The US government responded to the demands of Raúl Castro with a resounding ‘no’. The territory occupied by the Guantanamo Naval Base will remain with its current owner, at least while the administration led by Barack Obama governs.
US Press Secretary Josh Earnest said there will not be negotiations for the return of the military enclave in Cuba. “The Naval Base is not something that we believe should be closed” he said during a press conference at the White House.
About the conditions set by the Cuban president during a regional summit in Costa Rica, he said that “his comments reflect that there is a clear difference between restoring diplomatic relations and make the long process of normalizing relations.”
With those words, he stated that the disagreement in that case would not prevent a future reopening of embassies.
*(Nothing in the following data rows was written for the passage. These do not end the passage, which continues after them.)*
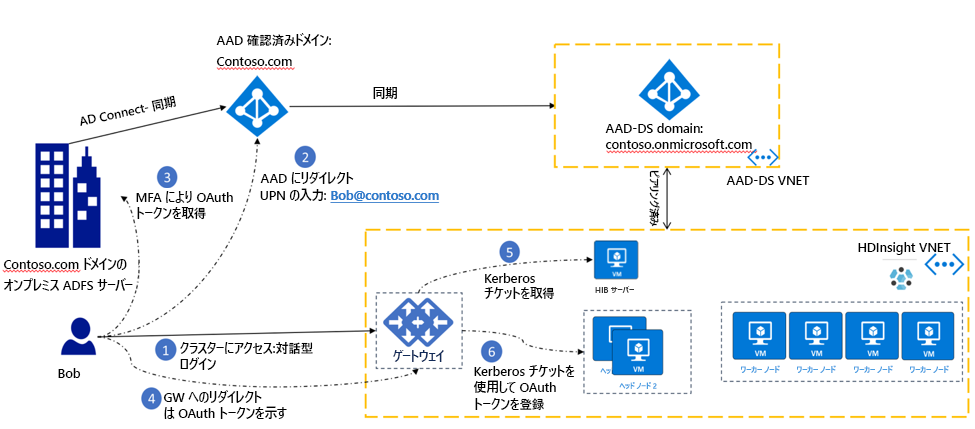 パスワード ハッシュが Microsoft Entra ID に同期されていない場合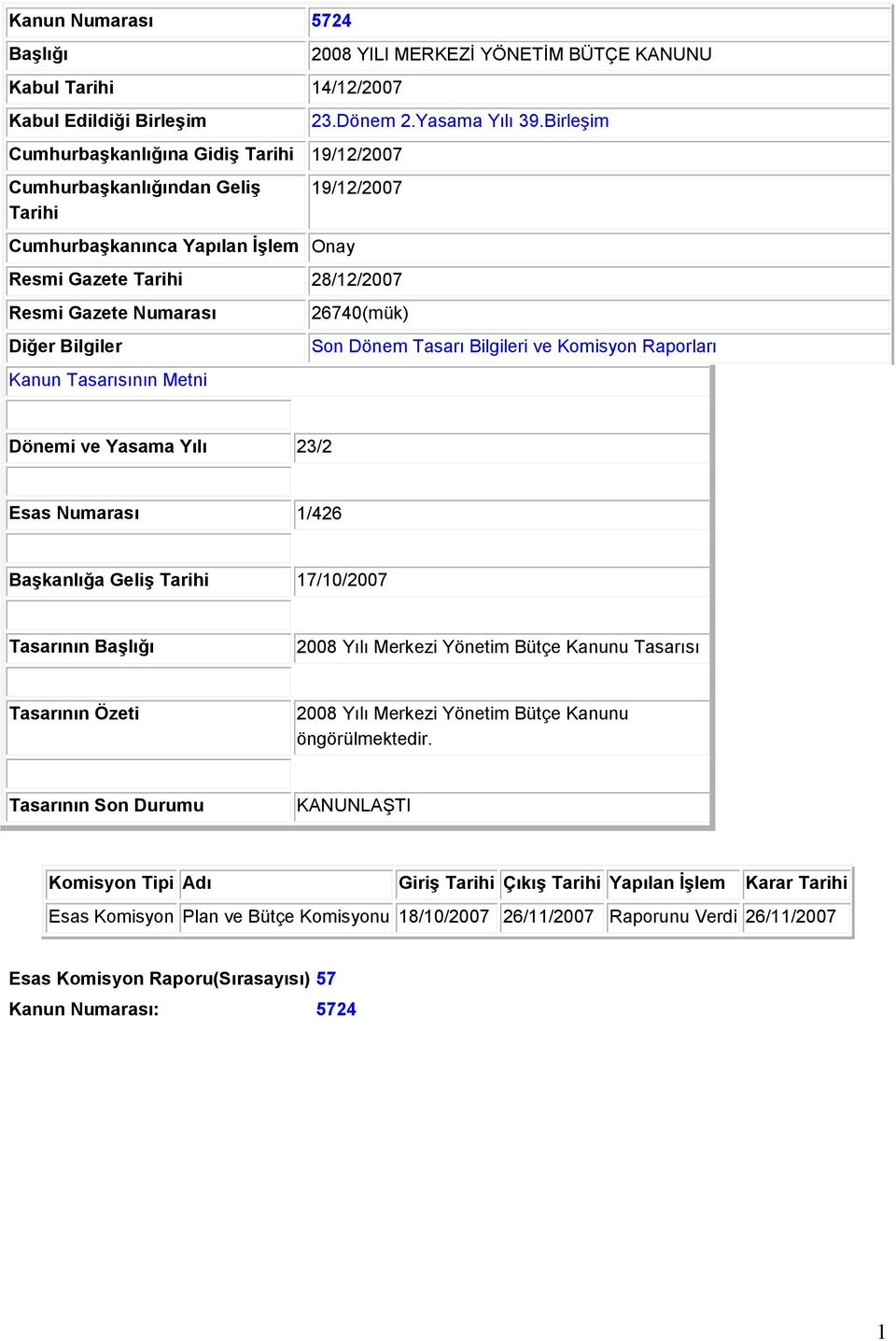 BirleĢim 19/12/2007 Resmi Gazete Tarihi 28/12/2007 Resmi Gazete Numarası Diğer Bilgiler Kanun Tasarısının Metni 26740(mük) Son Dönem Tasarı Bilgileri ve Komisyon Raporları Dönemi ve Yasama Yılı 23/2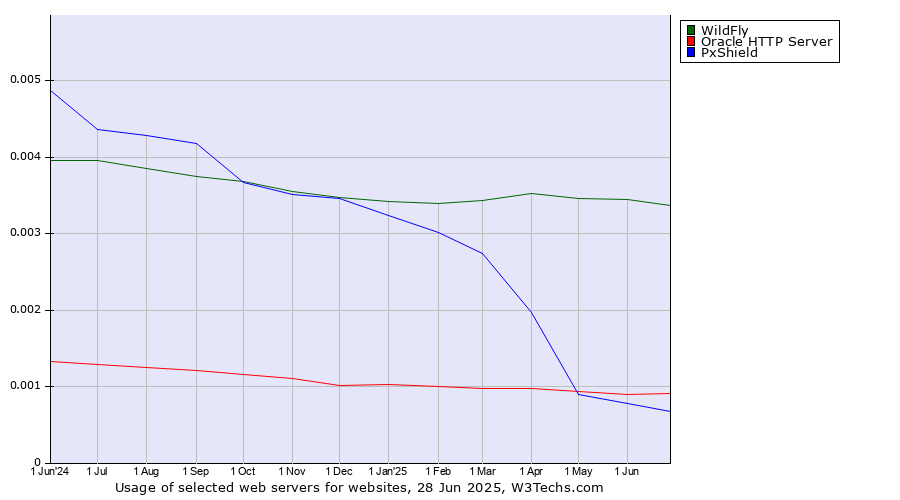 Historical trends in the usage of WildFly vs. Oracle HTTP Server vs. PxShield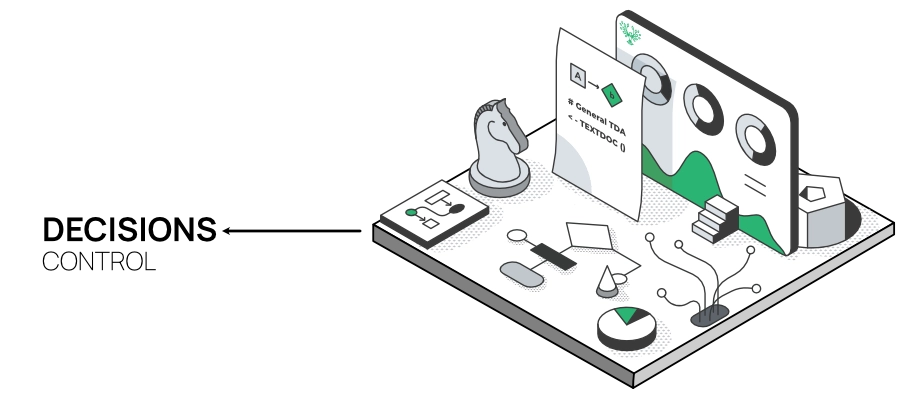 Decision layer showing ownership, priorities, and approvals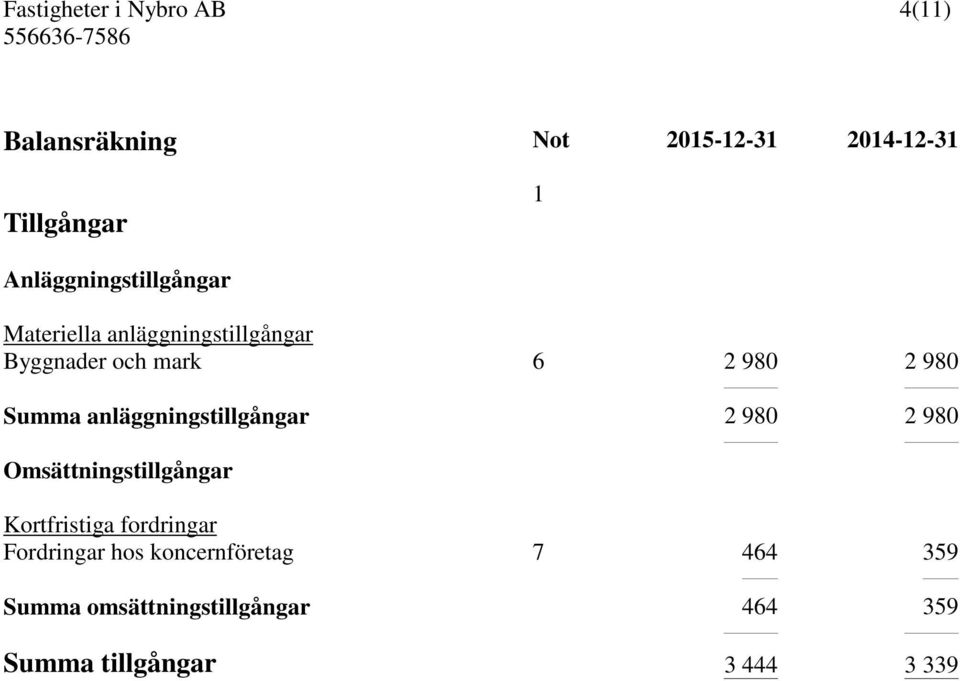 anläggningstillgångar 2 980 2 980 Omsättningstillgångar Kortfristiga fordringar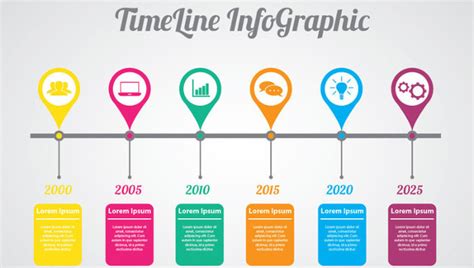 8+ Blank Timeline Templates - Free Sample, Example Format Download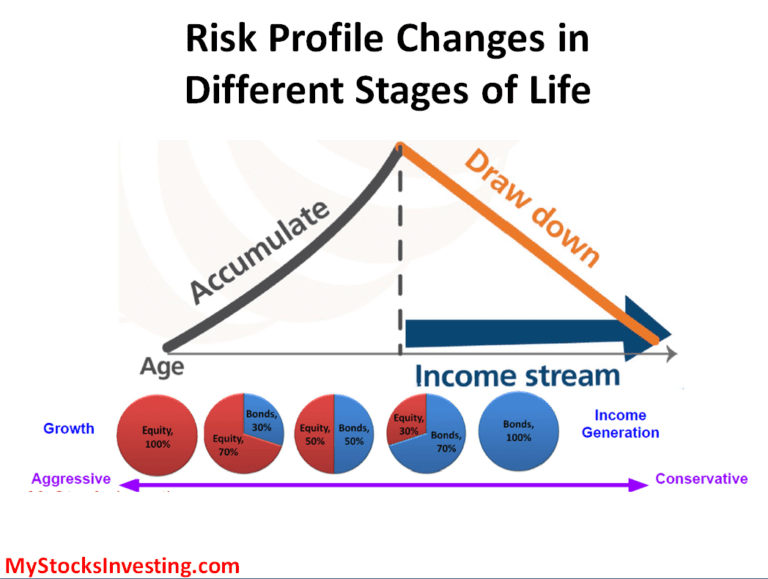 Investing Risk Profile At Different Life Stages Investing risk profile at different life stages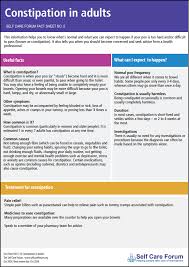 Image result for Constipation Causes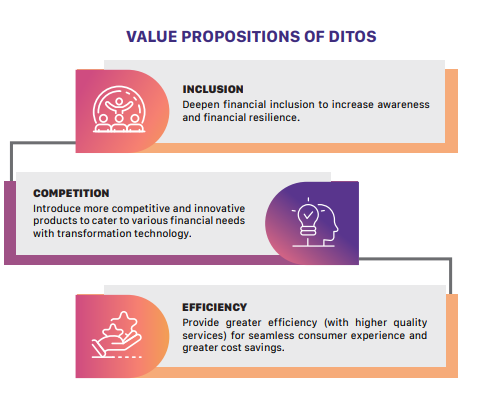 Malaysia Fintech Report 2023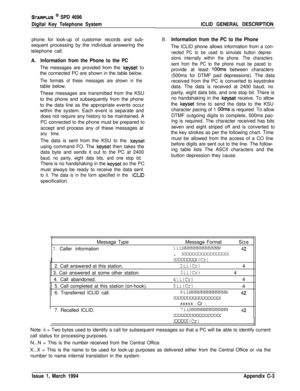 Page 487STARPLUS @ SPD 4696
Digital Key Telephone Systemphone for look-up of customer records and sub-
sequent processing by the individual answering the
telephone call.
A.Information from the Phone to the PCThe messages are provided from the 
keyset to
the connected PC are shown in the table below.
The formats of these messages are shown in thetable below.
These messages are transmitted from the KSU
to the phone and subsequently from the phone
to the data line as the appropriate events occur
within the system....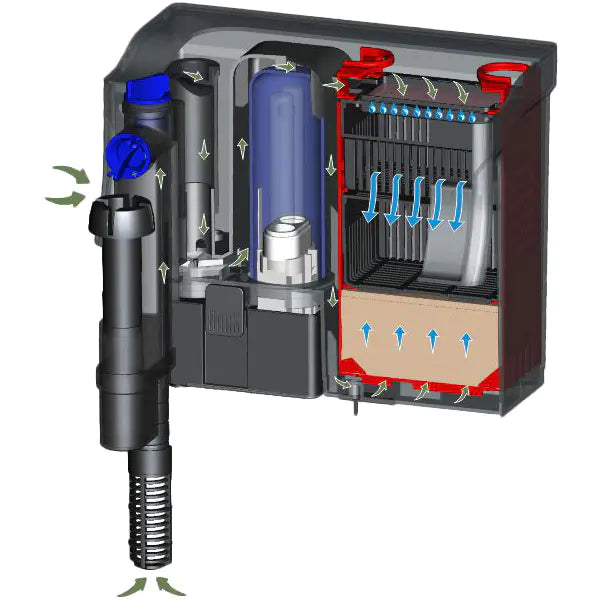 Sunsun CBG-500S HANG ON FILTER WITHOUT UV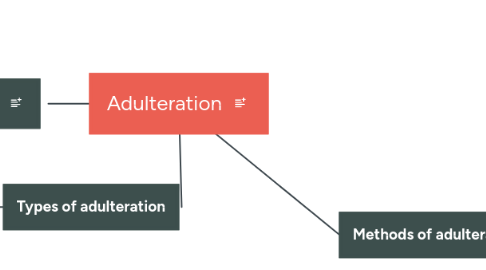 Mind Map: Adulteration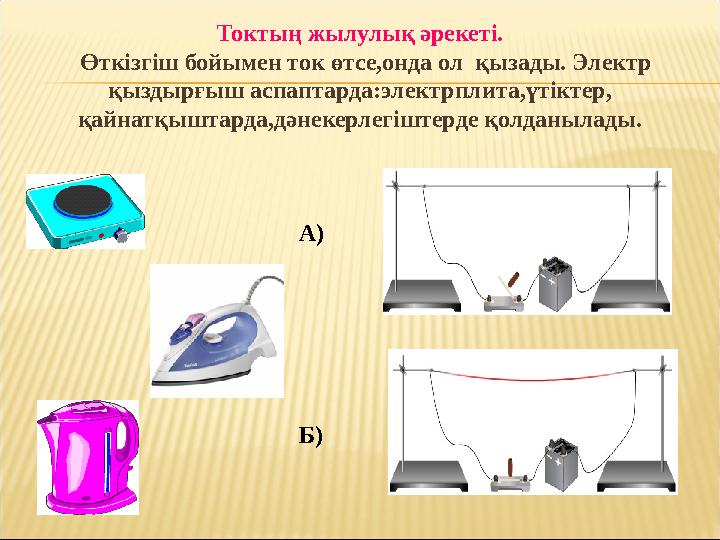 Токтың жылулық әрекеті. Өткізгіш бойымен ток өтсе,онда ол қызады. Электр қыздырғыш аспаптарда:электрплита,үтіктер, қайнатқыш Токтың жылулық әрекеті. Өткізгіш бойымен ток өтсе,онда ол қызады. Электр қыздырғыш аспаптарда:электрплита,үтіктер, қайнатқыш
He also confirmed that the issue was not included in the discussions of the Obama administration with the government in Havana.
Josefina Vidal, chief negotiator of Cuba to the United States, said she had shared concern about human rights violations in prison built in Guantanamo Bay with US diplomats. Vidal was responding to complaints in this area presented by the US delegation that visited Havana between January 21 and 24.
President Barack Obama wants to close the prison by the moral and economic cost to his country. But this is opposed by Congress, now dominated by a Republican majority that prefers to keep that facility.
The return to Cuba of the territory of the Guantanamo Naval Base is a complaint as old as the Cuban Revolution. Fidel Castro demanded the withdrawal of the military enclave and the return of the space occupied in October 1962, during the Cuban Missile Crisis, as a requirement for the withdrawal of nuclear missiles installed by Moscow. The request was ignored by both the Soviet Union and the United States which negotiated a solution without regarding the demands from Havana.
Built in 1903, the Naval Base at Guantanamo occupies 120 square kilometers on both sides of the entrance to the bay of the same name, located on the southern coast of eastern Cuba. It is the last vestige of the Platt Amendment (appendix added to the Cuban Constitution of 1901, as non-negotiable condition for an end to US military intervention in the island).
Cuban Foreign Minister Bruno Rodriguez described the Base in 2013 as a “Cuban territory usurped by the United States.” It is the oldest naval station that country keeps outside its borders.